Те американцы, которым хватает денег, отправляются на пляж вместе с домом. Круиз недешев, поэтому его часто оставляют на потом, когда — и если — становится ясно, что денег с собой не возьмешь.
Собираясь в дорогу всю жизнь, пассажиры садятся на корабль ко всему готовыми: дамы — в мехах, мужчины — с запасным смокингом. Каждый вечер на борту их ждет оркестр. Специально для вдов на корабле держат кавалеров для танцев с богатым опытом. Вкрадчивые, седовласые и красивые, как Никита Михалков, они умеют вальсировать на костылях и в качку. Старикам хуже. Пережив тех, кто их привык слушать, они торопятся открыть душу посторонним и запертым. Один такой ходил за мной от мостика до юта, делясь своим бесконечным опытом. Чужой опыт и впрямь не бывает лишним, и я с ужасом вспоминаю разговорчивого старика каждый раз, когда, открыв рот, забываю его закрыть вовремя.
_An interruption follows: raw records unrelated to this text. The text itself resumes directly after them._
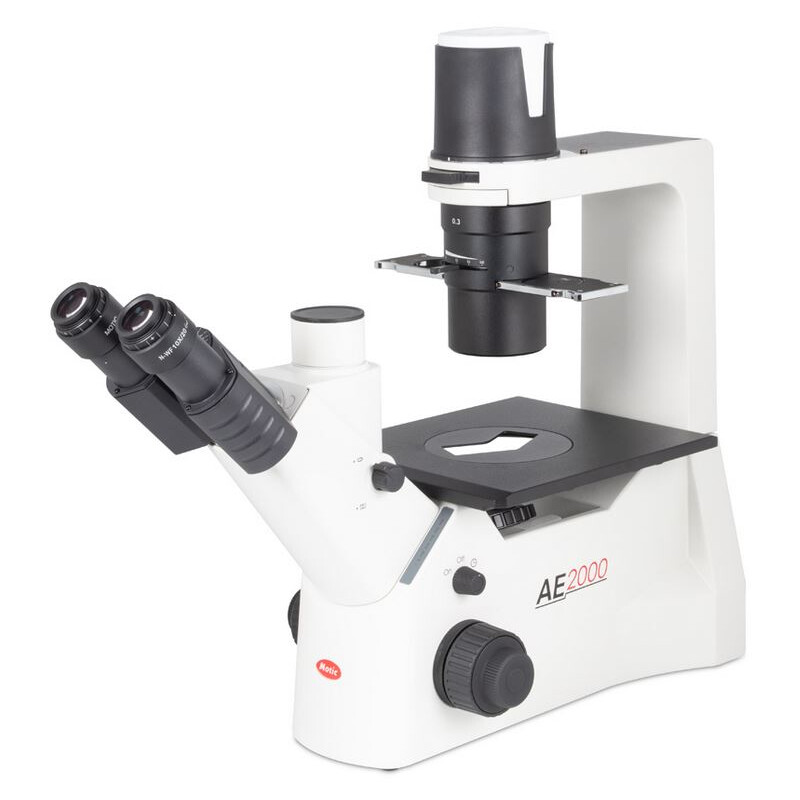 Motic Invert mikroskop AE2000 trino, infinity, 40x-200x, phase, Hal, 30W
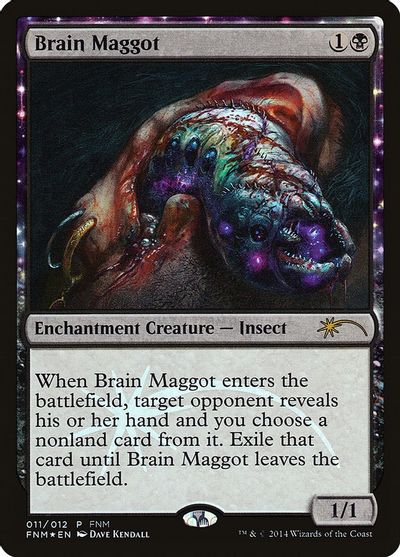 Magic: Friday Night Magic 2014 11: Brain Maggot - Foil 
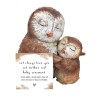 Eule liebt dich immer, Eulen-Mutter- und Baby-Ornament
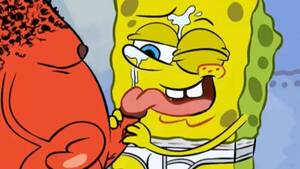 Nickelodeon Cartoon Gay Porn - SpongeBob Licking Something Red - Rule 34 Porn
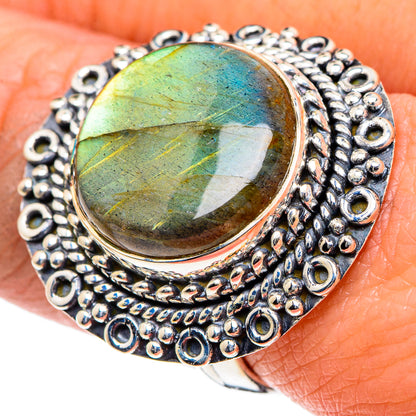 Labradorite Rings handcrafted by Ana Silver Co - RING93601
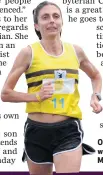  ??  ?? On the move: Gladys winning the Belfast Half Marathon in 2014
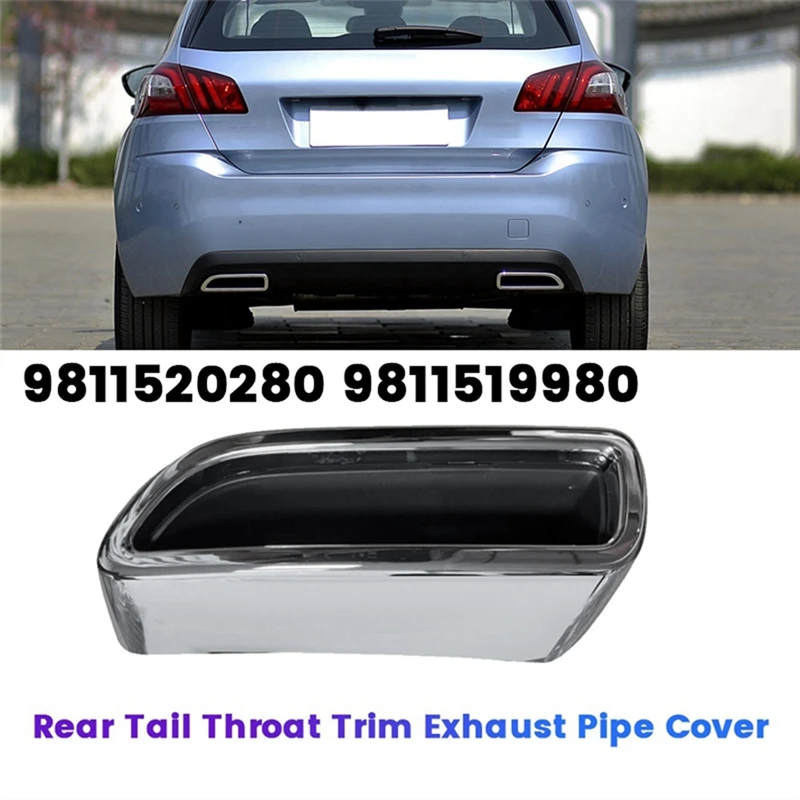 Car Exhaust Tail Pipe Rear Bumper Bracket for Peugeot 308S 2015-2020 Tail Throat Trim Frame 9811520280 9811519980 Left
Car Exhaust Tail Pipe Rear Bumper Bracket for Peugeot 308S 2015-2020 Tail Throat Trim Frame 9811520280 9811519980 Left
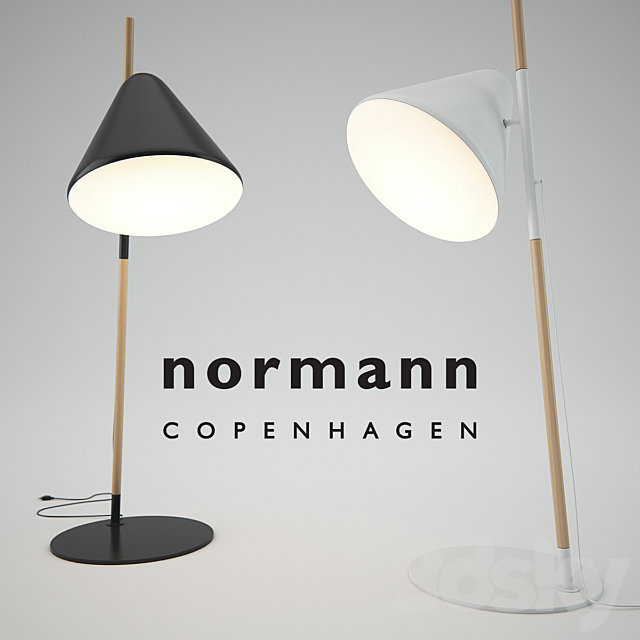 Hello Floor Lamp _ Normann Copenhagen 3ds Max - thumbnail 1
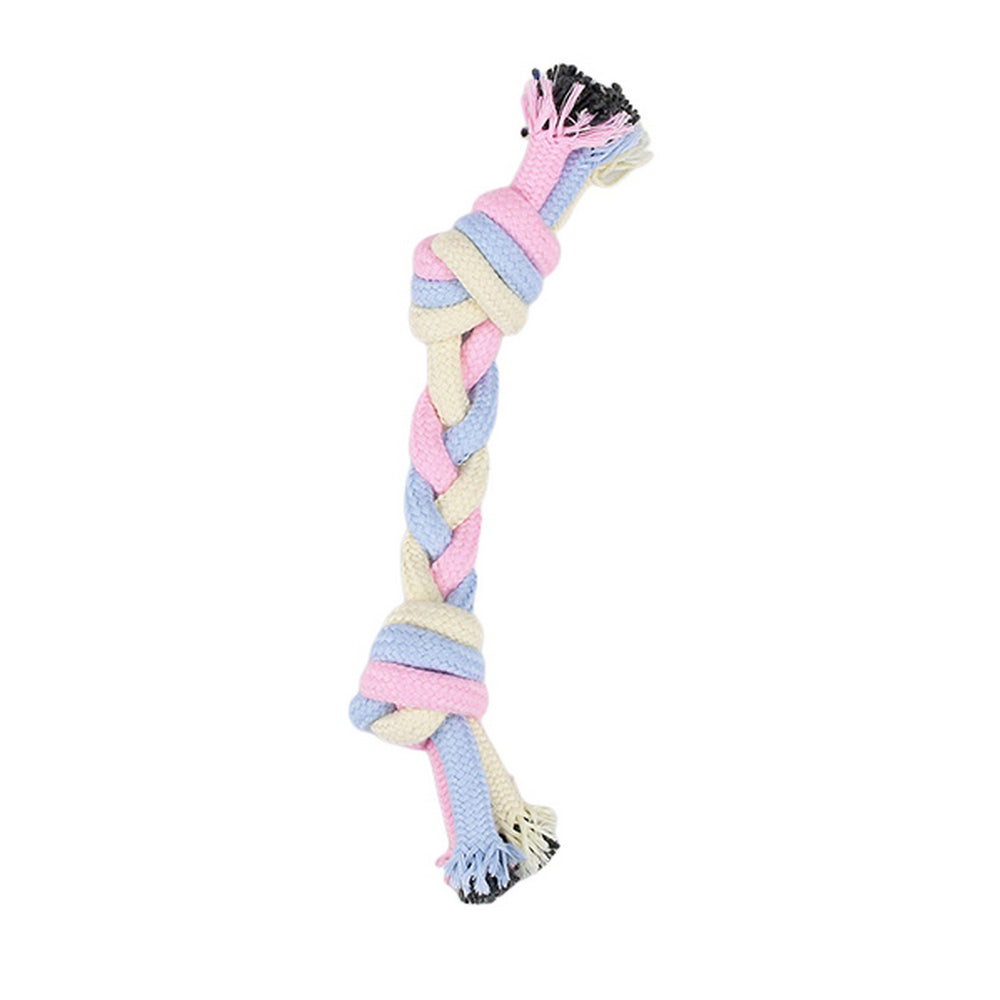 Five-piece Set Cotton Rope Dog Chew Rope Toys Keep Pet Teeth Health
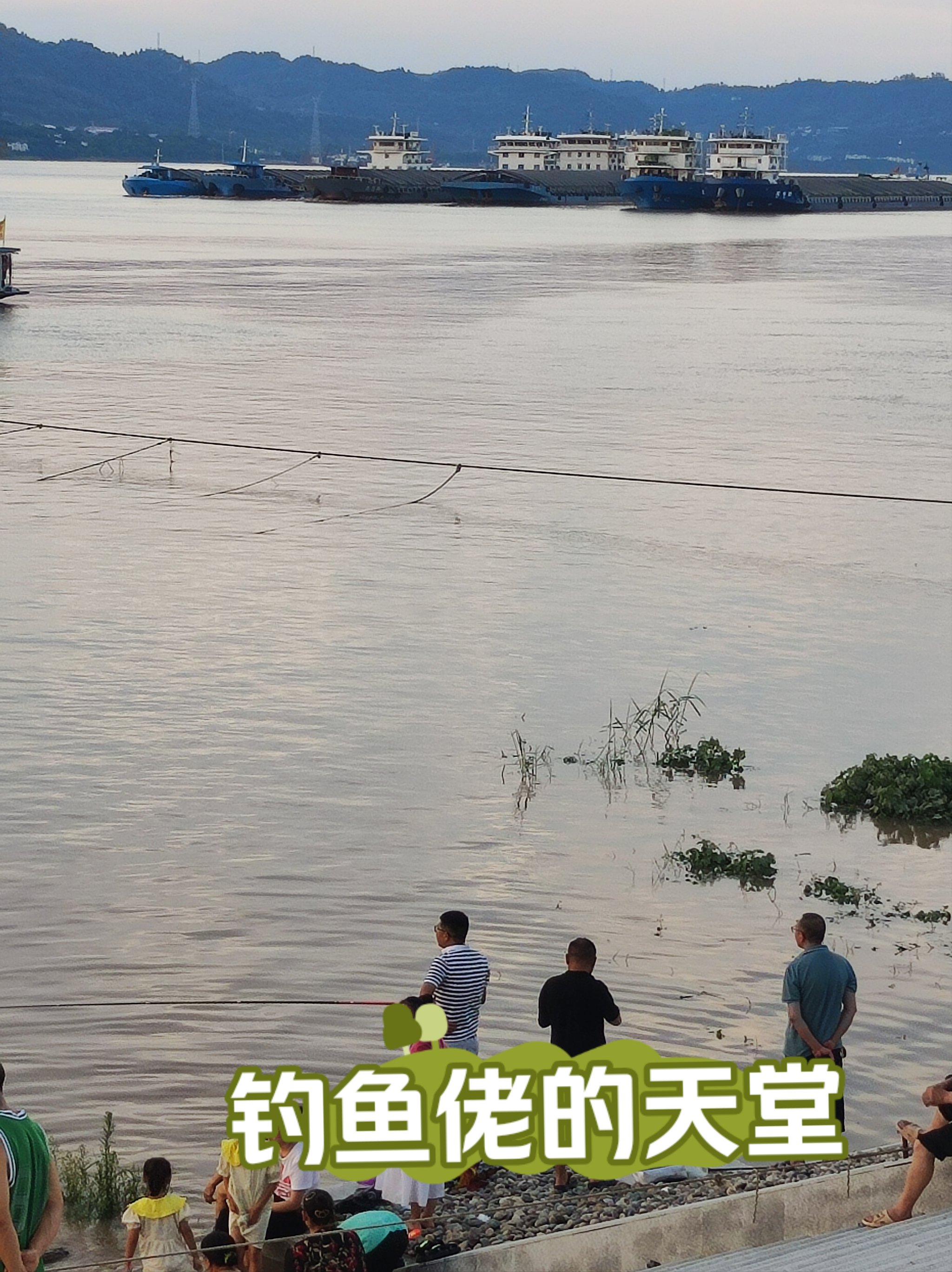 三峡水库钓鱼图片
В круизе это, впрочем, случается редко, потому что гостей, как гусей на пасху, всегда кормят. Лайнер — это плавучий дворец еды, и часто он плывет никуда лишь для того, чтобы пассажиры нагуляли аппетит между ранним завтраком и полночным ужином.
Обжорство круиза так впечатляет, что однажды оно послужило причиной международного недоразумения. В конце перестройки тысячу отечественных писателей посадили на корабль и отправили знакомить с средиземноморской цивилизацией. Замечательную экскурсию омрачал лишь один всплывающий за каждым обедом вопрос.